Synergistic interaction of eugenol and antimicrobial drugs in eradication of single and mixed biofilms of Candida albicans and Streptococcus mutans.

In vitro eradication of the C. albicans and S. mutans mixed biofilms by eugenol alone and in combination with the antimicrobial drugs. Previously characterized strains of C. albicans (CAJ-01 and CAJ-12) and S. mutans MTCC497 were used to evaluate the eradication of biofilms using XTT reduction assay, viability assay, time dependent killing assay and scanning electron microscopy (SEM). Synergistic interaction was assessed by checkerboard method. Sessile MIC (SMIC) of eugenol was equivalent to the planktonic MIC (PMIC) against C. albicans and S. mutans mixed biofilms. SMIC of fluconazole and azithromycin was increased upto 1000-folds over PMIC. Eradication of single or mixed biofilms was evident from the viability assay and SEM. At 1 × MIC of eugenol, log10CFU count of C. albicans cells were decreased from 6.3 to 4.2 and 3.8 (p < 0.05) in single and mixed biofilms, respectively. SEM studies revealed the eradication of C. albicans and S. mutans cells from glass surface at 800 µg/mL concentration of eugenol. Time dependent killing assay showed dose dependent effect of eugenol on pre-formed CAJ-01, CAJ-12 and S. mutans biofilm cells. Eugenol was highly synergistic with fluconazole (FICI = 0.156) against CAJ-12 single biofilms.

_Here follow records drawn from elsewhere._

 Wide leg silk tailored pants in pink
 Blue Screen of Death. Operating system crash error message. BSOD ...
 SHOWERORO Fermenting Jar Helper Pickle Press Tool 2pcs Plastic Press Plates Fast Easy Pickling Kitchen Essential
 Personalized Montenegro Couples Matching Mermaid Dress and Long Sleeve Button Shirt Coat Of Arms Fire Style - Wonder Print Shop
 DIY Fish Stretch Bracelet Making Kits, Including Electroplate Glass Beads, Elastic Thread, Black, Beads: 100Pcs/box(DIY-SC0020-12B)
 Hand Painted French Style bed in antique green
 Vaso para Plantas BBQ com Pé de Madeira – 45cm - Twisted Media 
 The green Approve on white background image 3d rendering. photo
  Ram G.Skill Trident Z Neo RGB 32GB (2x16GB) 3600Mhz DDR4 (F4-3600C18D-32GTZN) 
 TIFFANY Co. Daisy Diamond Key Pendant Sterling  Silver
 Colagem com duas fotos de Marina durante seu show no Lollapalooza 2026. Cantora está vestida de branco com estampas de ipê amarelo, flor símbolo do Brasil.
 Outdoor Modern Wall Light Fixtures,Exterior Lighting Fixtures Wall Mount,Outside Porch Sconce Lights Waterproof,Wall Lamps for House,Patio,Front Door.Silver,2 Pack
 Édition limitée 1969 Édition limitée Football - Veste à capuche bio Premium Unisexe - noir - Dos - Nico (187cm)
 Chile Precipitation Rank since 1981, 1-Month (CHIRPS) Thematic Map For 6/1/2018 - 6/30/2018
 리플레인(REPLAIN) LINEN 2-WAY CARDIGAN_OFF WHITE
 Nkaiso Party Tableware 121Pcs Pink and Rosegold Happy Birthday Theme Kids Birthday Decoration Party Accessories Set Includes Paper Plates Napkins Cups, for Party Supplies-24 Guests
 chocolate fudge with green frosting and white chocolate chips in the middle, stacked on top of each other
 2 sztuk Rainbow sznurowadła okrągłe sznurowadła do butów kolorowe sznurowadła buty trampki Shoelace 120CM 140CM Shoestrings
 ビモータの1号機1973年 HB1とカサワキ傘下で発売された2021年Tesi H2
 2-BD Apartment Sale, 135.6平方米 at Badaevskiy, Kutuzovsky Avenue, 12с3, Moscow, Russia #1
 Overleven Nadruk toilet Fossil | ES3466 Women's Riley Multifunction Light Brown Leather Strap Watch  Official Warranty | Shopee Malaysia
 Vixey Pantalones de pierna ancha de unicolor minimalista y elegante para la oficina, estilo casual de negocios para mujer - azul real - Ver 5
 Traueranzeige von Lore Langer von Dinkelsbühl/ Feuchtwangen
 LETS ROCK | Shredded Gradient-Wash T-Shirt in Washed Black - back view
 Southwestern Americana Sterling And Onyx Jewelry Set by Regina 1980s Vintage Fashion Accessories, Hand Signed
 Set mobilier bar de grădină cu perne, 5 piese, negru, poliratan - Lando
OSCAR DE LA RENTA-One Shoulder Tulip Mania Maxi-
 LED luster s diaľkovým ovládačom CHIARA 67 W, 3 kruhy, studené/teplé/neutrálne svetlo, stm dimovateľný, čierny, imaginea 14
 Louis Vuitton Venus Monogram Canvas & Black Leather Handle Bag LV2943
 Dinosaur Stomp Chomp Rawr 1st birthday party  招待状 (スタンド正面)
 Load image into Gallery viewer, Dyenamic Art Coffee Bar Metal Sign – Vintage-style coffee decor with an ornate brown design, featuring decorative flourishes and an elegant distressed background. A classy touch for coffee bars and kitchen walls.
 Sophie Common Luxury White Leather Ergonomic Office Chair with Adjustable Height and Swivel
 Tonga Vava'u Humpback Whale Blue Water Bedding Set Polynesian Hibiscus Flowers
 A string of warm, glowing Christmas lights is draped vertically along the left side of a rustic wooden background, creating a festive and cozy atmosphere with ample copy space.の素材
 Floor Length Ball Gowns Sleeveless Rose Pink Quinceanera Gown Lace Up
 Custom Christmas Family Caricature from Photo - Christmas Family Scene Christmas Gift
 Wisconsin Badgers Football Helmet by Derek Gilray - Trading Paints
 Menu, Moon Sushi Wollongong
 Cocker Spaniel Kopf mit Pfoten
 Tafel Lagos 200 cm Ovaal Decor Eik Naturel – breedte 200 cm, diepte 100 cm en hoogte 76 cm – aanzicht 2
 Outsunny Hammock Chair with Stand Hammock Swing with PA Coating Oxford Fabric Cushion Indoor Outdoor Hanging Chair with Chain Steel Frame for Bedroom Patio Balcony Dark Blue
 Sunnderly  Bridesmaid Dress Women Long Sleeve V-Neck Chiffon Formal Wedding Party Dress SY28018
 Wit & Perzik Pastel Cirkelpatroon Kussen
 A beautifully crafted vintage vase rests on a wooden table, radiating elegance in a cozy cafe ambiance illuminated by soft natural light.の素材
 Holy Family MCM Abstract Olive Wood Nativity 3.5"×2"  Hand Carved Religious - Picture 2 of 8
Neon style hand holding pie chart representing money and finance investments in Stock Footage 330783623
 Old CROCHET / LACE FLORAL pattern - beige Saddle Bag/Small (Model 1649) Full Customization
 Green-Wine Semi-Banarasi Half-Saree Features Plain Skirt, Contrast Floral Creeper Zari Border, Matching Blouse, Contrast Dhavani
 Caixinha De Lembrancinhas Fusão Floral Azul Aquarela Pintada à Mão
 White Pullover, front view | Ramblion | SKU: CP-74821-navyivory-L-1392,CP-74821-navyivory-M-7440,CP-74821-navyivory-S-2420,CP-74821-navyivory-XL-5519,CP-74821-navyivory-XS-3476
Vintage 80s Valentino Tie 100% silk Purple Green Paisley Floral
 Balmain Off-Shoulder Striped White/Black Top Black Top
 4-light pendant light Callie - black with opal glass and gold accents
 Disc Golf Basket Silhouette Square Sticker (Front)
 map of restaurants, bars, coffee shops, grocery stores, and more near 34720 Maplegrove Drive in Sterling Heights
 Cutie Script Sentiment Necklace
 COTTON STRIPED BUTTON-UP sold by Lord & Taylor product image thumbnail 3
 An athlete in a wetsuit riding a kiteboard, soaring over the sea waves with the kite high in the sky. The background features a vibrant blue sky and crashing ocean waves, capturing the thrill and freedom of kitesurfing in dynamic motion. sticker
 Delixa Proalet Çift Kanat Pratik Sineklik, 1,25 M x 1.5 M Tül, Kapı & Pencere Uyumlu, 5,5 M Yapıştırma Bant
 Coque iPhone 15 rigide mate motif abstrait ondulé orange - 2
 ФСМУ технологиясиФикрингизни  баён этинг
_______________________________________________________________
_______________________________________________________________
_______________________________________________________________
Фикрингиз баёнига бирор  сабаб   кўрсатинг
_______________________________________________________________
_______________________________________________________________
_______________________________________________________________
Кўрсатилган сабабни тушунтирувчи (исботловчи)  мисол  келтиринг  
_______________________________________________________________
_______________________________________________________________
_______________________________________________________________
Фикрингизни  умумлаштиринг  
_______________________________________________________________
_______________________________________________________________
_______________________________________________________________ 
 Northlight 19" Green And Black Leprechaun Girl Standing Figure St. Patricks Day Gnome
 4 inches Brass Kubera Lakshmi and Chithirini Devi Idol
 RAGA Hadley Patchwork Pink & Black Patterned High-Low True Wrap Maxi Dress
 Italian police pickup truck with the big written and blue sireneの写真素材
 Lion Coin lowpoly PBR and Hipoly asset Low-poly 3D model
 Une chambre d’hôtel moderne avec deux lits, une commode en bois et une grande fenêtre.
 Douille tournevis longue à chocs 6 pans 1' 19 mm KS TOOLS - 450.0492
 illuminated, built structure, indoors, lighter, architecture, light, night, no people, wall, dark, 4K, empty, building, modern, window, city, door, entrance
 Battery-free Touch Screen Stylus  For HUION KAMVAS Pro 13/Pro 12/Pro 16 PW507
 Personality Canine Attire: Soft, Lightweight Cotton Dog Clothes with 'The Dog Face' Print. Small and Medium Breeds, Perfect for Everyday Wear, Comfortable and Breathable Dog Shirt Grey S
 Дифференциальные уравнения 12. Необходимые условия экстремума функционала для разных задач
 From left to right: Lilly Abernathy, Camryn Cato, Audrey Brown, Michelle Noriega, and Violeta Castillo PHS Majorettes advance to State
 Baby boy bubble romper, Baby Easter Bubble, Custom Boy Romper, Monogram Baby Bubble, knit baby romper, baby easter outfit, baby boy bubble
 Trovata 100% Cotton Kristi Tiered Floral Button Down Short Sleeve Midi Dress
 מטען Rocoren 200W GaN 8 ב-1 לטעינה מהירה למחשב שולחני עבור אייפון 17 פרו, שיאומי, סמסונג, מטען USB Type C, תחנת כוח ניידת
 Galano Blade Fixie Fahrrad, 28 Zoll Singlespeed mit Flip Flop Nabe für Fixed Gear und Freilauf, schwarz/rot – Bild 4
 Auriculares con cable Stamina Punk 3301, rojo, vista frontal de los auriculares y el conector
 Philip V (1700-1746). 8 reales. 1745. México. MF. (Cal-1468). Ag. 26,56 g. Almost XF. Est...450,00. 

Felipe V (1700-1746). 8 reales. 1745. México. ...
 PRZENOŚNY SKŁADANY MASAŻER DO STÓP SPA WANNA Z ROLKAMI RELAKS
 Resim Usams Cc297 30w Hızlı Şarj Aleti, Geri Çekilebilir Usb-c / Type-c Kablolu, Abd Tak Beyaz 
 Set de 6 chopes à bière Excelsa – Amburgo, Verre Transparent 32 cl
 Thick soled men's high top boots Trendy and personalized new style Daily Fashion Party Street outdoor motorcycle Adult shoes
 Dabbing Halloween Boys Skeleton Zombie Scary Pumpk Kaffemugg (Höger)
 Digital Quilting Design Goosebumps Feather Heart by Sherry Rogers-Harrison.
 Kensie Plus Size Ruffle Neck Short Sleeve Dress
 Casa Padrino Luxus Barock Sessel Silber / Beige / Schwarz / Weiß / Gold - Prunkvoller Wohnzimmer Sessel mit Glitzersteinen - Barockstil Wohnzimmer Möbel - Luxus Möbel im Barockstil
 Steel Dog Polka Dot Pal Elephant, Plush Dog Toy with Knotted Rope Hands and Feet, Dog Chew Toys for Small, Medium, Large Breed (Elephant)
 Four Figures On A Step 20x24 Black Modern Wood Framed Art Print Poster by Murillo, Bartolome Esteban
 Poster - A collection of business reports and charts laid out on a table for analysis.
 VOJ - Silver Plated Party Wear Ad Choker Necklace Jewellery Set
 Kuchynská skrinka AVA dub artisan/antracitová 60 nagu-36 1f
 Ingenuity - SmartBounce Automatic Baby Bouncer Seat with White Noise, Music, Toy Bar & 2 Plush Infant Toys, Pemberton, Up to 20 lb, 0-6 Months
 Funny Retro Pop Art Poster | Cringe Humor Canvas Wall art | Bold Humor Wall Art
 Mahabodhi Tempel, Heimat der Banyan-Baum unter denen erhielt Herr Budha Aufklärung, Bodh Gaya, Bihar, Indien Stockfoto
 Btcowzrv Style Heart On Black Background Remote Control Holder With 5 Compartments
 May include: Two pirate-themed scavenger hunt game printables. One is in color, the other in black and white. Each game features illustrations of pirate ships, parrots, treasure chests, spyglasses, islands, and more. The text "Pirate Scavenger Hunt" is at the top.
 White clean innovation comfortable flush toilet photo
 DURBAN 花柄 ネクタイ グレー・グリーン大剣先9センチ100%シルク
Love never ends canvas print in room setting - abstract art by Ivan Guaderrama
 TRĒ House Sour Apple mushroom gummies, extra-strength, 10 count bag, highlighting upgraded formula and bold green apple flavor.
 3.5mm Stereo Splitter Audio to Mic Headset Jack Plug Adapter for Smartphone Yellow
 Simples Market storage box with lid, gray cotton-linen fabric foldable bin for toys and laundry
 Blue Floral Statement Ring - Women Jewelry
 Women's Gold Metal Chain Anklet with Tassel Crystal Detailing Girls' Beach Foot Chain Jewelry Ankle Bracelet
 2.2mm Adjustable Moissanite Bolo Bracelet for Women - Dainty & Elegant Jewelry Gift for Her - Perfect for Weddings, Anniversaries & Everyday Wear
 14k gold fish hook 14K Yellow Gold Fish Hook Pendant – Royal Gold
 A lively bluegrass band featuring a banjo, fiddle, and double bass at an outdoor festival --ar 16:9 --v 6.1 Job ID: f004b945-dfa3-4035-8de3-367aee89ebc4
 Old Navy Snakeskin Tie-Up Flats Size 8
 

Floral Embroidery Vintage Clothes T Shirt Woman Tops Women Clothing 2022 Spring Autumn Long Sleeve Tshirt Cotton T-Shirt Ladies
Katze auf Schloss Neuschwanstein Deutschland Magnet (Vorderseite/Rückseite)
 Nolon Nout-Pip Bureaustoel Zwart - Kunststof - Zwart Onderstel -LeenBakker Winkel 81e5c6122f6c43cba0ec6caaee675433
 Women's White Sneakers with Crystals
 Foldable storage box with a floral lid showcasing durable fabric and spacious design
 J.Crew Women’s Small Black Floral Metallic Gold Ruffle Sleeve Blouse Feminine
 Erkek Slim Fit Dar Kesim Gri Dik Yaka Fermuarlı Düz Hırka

However, the combination of eugenol and azithromycin showed maximum synergy (FICI = 0.140) against pre-formed C. albicans and S. mutans mixed biofilms. These findings highlighted the promising efficacy of eugenol in the eradication of biofilms of two oral pathogens (C. albicans and S. mutans) in vitro and could also be exploited in synergy with fluconazole and azithromycin in controlling oral infections.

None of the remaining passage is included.